Provided data:
********
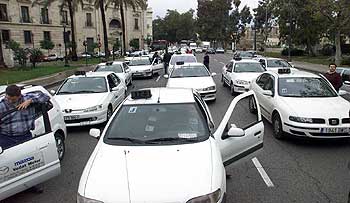Protesta de taxistas por la falta de seguridad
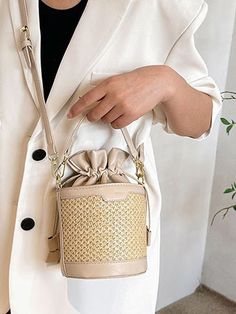 Koop de nieuwe zomerhandtas van LikeMyChoice®. Deze unieke tas is gemaakt van duurzaam stromateriaal + PU en heeft een trendy geweven mandontwerp, perfect om een vleugje stijl toe te voegen aan elke outfit en tegelijkertijd functioneel voor dagelijks gebruik.
Maat: 14cm * 15cm * 14cm * Schouderriem: 120CM * Handvat: 12CM Sleep Clothes, Reindeer Headband, Summer Tote, Basket Design, Swimming Outfit, Product Development, Blouse Pants, Rhinestone Dress, Woven Basket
********
Aim of the task:
Set down exactly, line for line, the data from the line that contains "Koop de nieuwe" through its last line, keeping pictures out.

Written answer:
 Koop de nieuwe zomerhandtas van LikeMyChoice®. Deze unieke tas is gemaakt van duurzaam stromateriaal + PU en heeft een trendy geweven mandontwerp, perfect om een vleugje stijl toe te voegen aan elke outfit en tegelijkertijd functioneel voor dagelijks gebruik.
Maat: 14cm * 15cm * 14cm * Schouderriem: 120CM * Handvat: 12CM Sleep Clothes, Reindeer Headband, Summer Tote, Basket Design, Swimming Outfit, Product Development, Blouse Pants, Rhinestone Dress, Woven Basket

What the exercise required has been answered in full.